EU May Ban Travel From US As It Reopens Borders, Citing Coronavirus Failures (seattletimes.com) 231

European Union countries rushing to revive their economies and reopen their borders after months of coronavirus restrictions are prepared to block Americans from entering because the United States has failed to control the scourge, according to draft lists of acceptable travelers seen by The New York Times. From a report: That prospect, which would lump American visitors in with Russians and Brazilians as unwelcome, is a stinging blow to American prestige in the world and a repudiation of President Donald Trump's handling of the virus in the United States, which has more than 2.3 million cases and upward of 120,000 deaths, more than any other country. European nations are currently haggling over two potential lists of acceptable visitors based on how countries are faring with the coronavirus pandemic. Both include China, as well as developing nations like Uganda, Cuba and Vietnam.
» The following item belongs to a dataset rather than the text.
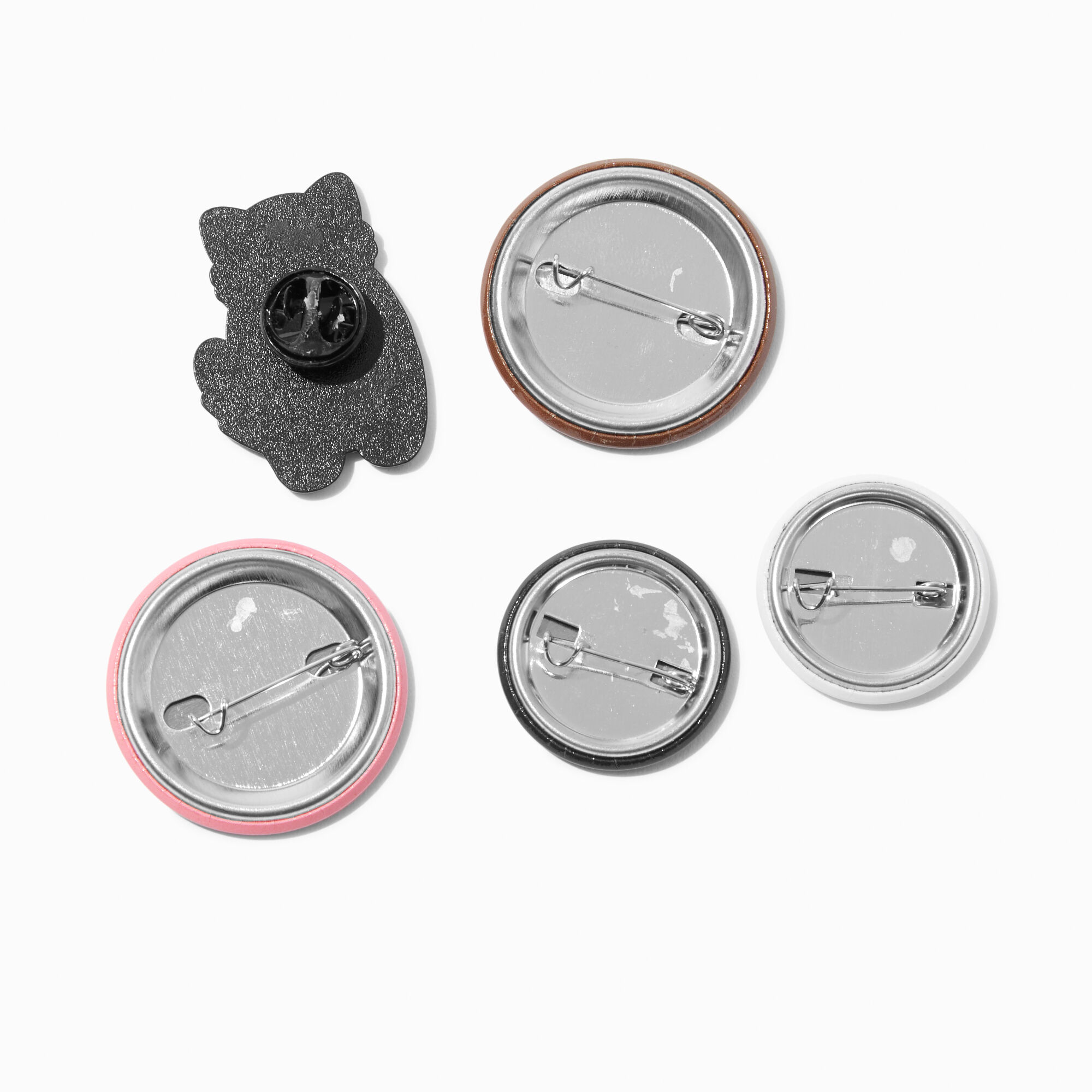 Coffee & Cats Round Button & Pin Set - 5 Pack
Travelers from the United States and the rest of the world have been excluded from visiting the European Union -- with few exceptions mostly for repatriations or "essential travel" -- since mid-March. But a final decision on reopening the borders is expected early next week, before the bloc reopens July 1. [...] Prohibiting American travelers from entering the European Union would have significant economic, cultural and geopolitical ramifications. Millions of American tourists visit Europe every summer. Business travel is common, given the huge economic ties between the United States and the EU.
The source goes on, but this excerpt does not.